If you entered the data in RStudio, put your cursor on the first line and click on the "run" menu button, or "Command Enter" (once per line). The results will appear in the lower window.

That probably doesn't leave you all excited about your programming skills, so let's go a step further. If you type

    xbar = mean(x)
    print(xbar)

you will see

    > xbar <- mean(x)
    > print(xbar)
    [1] 8.571429

Notice that R prints out your commands (preceded by the ">" prompt) as well as the result. We can alter this design later.

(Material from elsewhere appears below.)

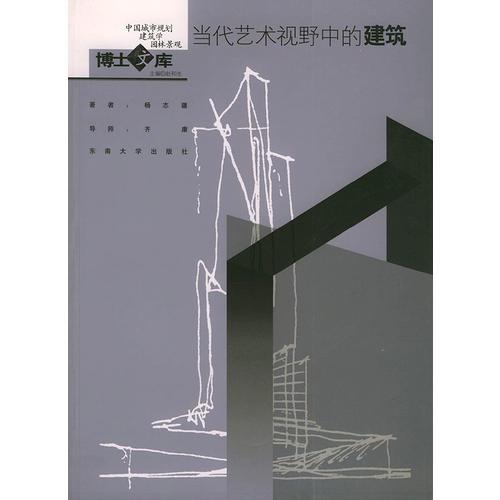 当代艺术视野中的建筑/中国城市规划建筑学园林景观博士文库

What has happened here is that long ago someone wrote a function to calculate the mean of whatever it was fed. Not surprisingly, they named the function "mean()." So R grabs x, trots off to that function, and comes back with a variable named "xbar". (We could have named it diddly-doop if we wanted to.) The print command then tells R to print out xbar.

But wait! Earlier I just typed "x" and R printed out x. But here I typed "print(xbar)" What is the difference? Well, here there is no difference. When you are working on the command line, or when you are working in R and submitting your code as you go along, you don't need the print command. BUT, suppose that we write this stuff in RStudio, save it to a file named FirstRprog.R. Then we use the drop-down menu in R to select File/source R code and then go to the file that we created. R will run that program, but perhaps all that you will see is "[1] 8.571429" You won't see the code and you won't see x. You will only see what the print command told it to print. (I said "perhaps" because this depends on the editor and on how it is set up.) When we are writing code we often just name a variable and R prints it out. But if we think that we are going to save the code and run it as a program, then we should wrap "print( )" around what we want printed out. By the way, "source" in the above is meant as a verb. When someone on a help page says "source your file," they mean that you should submit the file. (Unix types often use weird grammar. Yea, I know that I often pick on the Unix guys--but they often sneer at the rest of us.)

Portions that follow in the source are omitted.